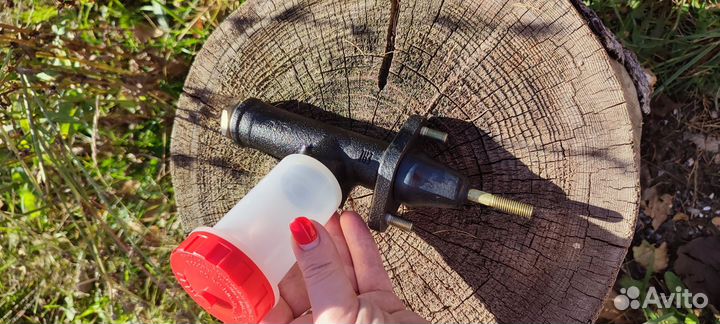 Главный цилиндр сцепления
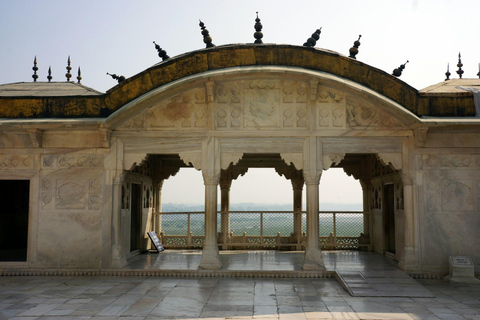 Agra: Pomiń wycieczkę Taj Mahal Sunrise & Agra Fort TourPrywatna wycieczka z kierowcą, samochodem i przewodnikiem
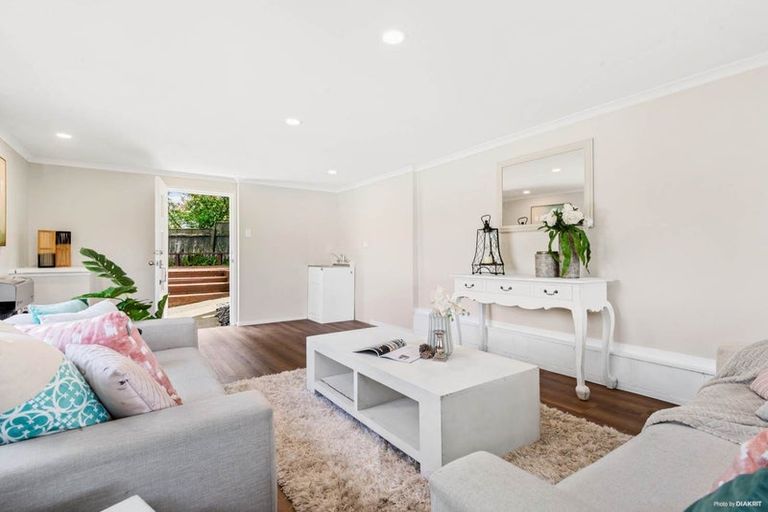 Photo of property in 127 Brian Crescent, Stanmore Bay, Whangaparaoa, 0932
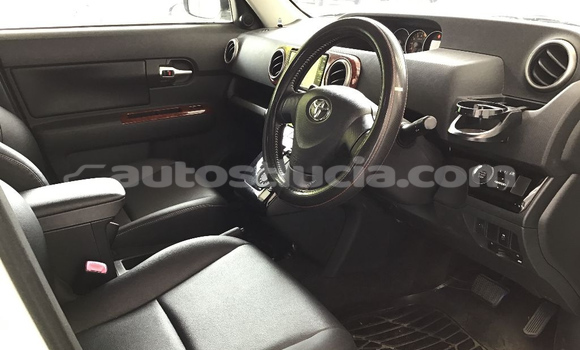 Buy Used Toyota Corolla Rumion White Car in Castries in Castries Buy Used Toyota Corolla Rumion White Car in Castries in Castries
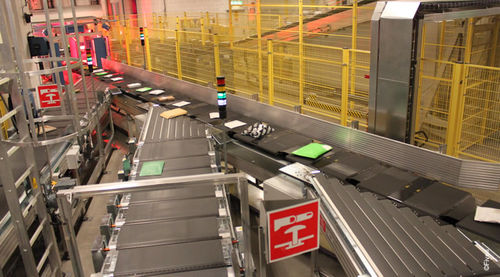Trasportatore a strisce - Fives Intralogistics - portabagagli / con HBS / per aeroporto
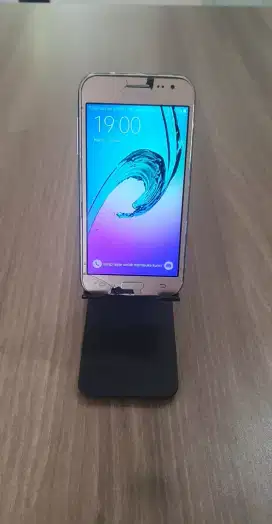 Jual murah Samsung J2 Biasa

---

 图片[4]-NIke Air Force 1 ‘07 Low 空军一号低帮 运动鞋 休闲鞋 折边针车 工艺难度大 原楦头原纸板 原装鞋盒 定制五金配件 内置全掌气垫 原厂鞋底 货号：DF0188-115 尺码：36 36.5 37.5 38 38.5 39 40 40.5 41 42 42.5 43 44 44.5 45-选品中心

**REQUIRED WORK**
Transcribe, from the material above, the stretch starting at the line with "Главный цилиндр сцепления" and ending at the line with "Jual murah Samsung J2 Biasa", both included, exactly. Do not carry over pictures.

**ANSWER TO THIS PROBLEM**
 Главный цилиндр сцепления
 Agra: Pomiń wycieczkę Taj Mahal Sunrise & Agra Fort TourPrywatna wycieczka z kierowcą, samochodem i przewodnikiem
 Photo of property in 127 Brian Crescent, Stanmore Bay, Whangaparaoa, 0932
 Buy Used Toyota Corolla Rumion White Car in Castries in Castries Buy Used Toyota Corolla Rumion White Car in Castries in Castries
Trasportatore a strisce - Fives Intralogistics - portabagagli / con HBS / per aeroporto
 Jual murah Samsung J2 Biasa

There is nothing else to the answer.